Basse et batterie font le temps

« Une section rythmique commence avec la basse et la batterie. On a souvent tendance à croire qu’un bon bassiste et un bon batteur vont faire une bonne paire : chaussure droite, chaussure gauche, et en avant. Mais un mocassin italien et une bottine anglaise ne font pas un heureux mariage, même s’ils donnent l’impression de chausser le pied. Les ampoules ne vont pas tarder à se faire sentir, on ne va pas faire des kilomètres avec ça… Moralité : trouvez la paire… Rien de plus drôle et de plus émouvant que ce mariage forcé entre la basse et la batterie, les deux plus gros instruments (portables, ce qui exclut le piano) de l’orchestre. C’est toute une philosophie, d’être gros. Le bassiste et le batteur, en tournée, ils pensent gros : billets spéciaux, sièges supplémentaires, escaliers, portes étroites, température (la contrebasse peut s’ouvrir comme une vieille chaussure s’il fait trop chaud et moite, ou se fendre comme une bûche s’il fait trop froid), ils me font souvent penser au gros collabo du Port de l’Angoisse qui n’arrête pas de s’éponger le front tout en regardant nerveusement autour de lui. Alors, forcément, ça crée des liens, comme on dit. Entre gros. Alors une fois sur scène, quand ils ont tous leurs trucs déballés et fichés en terre avec une autorité que seul le poids peut concéder, il ne faut pas les emmerder, le bassiste et le batteur. Ils sont venus pour bosser, et ça leur a coûté assez d’ennuis comme ça.

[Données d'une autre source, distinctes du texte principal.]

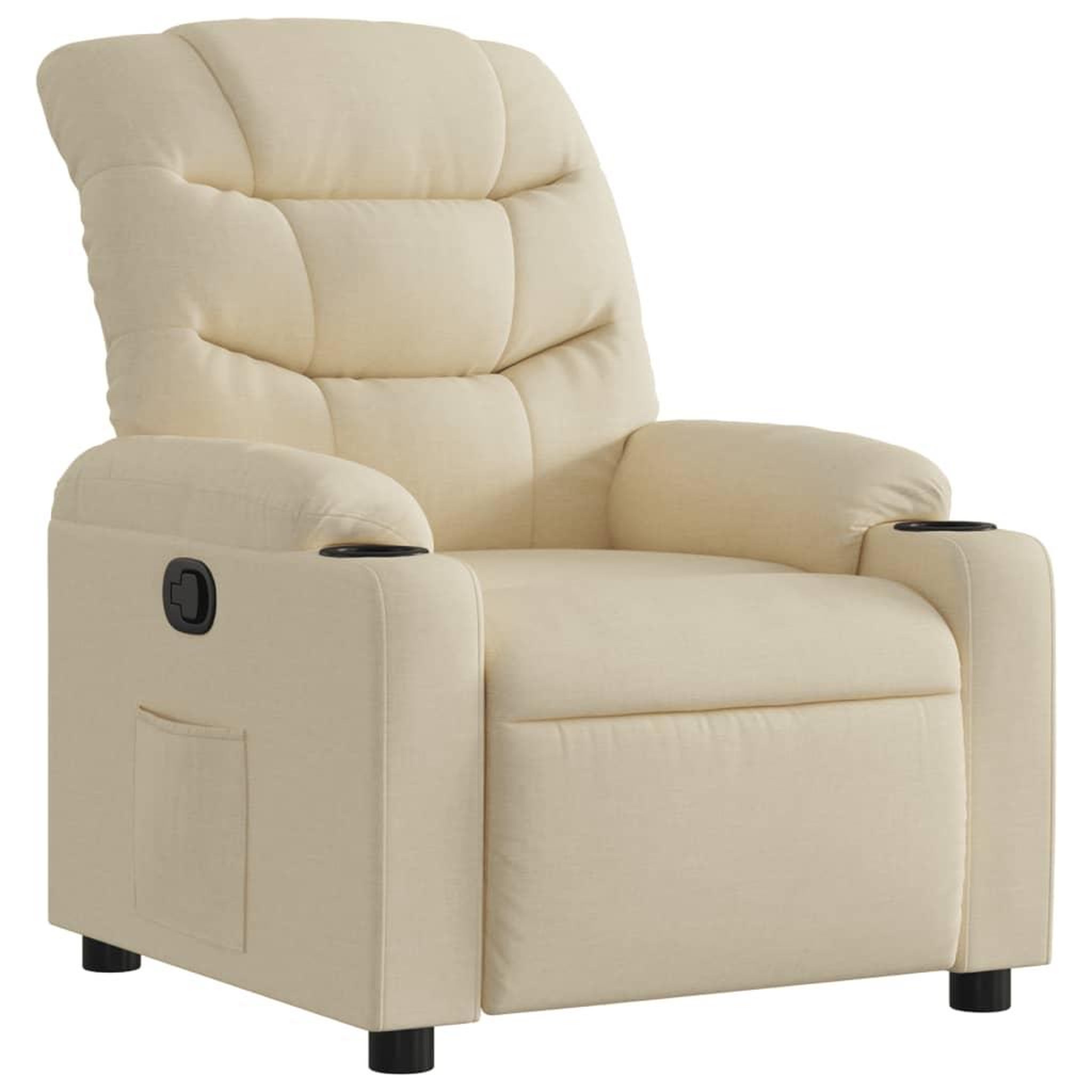 Voir la diapositive 2 : VIDAXL Fauteuil inclinable Creme Tissu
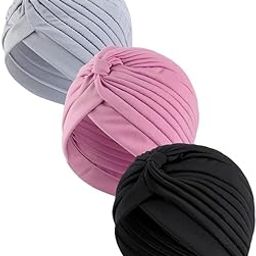 Men & Women, Boys and Girls Stretch Polyester Pagri Headwear Hair Wrap Turban Hat Chemo Beanie Cap Head Scarf Hijab Silky Turban Hats-image-22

Et c’est là que le miracle se produit : les lumières s’éteignent, le silence se fait dans la salle, et il y a une seconde où rien ne se passe encore, on sait que l’instant d’après il sera trop tard, que le temps va se mettre en route, la machine est remontée, mais là il n’y a rien, pas de temps, juste une promesse, une menace de temps. Et puis tout à coup, tout bascule, et la basse et la batterie arpentent avec une joie furieuse la route qui à chaque instant nous rapproche de notre mort. Ces deux gros-là, quand ils sont sur scène, leur responsabilité est immense, écrasante, c’est pour ça qu’ils ont besoin de toutes ces pièces détachées : ils ne font rien moins que le temps. On est très loin de l’expression sadique et minutieuse qui dit que l’on tient la mesure. Non, eux, ils font le temps. Pas le tic-tac de l’aiguille sur le cadran de ma montre, mais une pulsation profonde qui depuis toujours habite la moelle de nos os, et nous fait oublier l’autre Temps… Oui, au cours d’un concert, la Paire devient… maître du temps ! »

Extrait de :
Laurent de Wilde, Monk, Paris, Gallimard, 1996.